▶ **The task**
The output should be all lines of the entries below in which the word "Advanced" occurs.

(Information)

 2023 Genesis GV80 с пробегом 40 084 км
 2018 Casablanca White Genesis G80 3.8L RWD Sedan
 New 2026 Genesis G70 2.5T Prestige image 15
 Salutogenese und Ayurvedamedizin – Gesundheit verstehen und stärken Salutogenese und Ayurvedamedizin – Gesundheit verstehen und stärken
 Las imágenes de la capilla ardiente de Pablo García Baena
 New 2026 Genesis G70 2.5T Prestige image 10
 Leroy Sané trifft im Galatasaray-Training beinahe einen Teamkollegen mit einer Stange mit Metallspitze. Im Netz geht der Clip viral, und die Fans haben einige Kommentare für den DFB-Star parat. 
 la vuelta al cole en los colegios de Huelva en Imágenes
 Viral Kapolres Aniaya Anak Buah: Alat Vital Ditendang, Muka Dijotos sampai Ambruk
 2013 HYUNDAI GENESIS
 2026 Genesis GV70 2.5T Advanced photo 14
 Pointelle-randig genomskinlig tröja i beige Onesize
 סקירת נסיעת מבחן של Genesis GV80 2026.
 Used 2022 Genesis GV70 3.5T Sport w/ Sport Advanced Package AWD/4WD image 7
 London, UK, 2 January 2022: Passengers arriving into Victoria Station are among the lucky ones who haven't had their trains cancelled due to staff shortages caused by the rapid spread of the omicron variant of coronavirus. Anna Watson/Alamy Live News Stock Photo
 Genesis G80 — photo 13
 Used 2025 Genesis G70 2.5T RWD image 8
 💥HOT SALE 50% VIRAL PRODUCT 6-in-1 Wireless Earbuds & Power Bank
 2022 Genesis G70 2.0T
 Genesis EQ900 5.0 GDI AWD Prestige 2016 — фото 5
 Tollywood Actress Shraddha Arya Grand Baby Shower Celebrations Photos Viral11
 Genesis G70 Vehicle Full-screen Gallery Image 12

(End Information)

▶ **Exercise solution**
 2026 Genesis GV70 2.5T Advanced photo 14
 Used 2022 Genesis GV70 3.5T Sport w/ Sport Advanced Package AWD/4WD image 7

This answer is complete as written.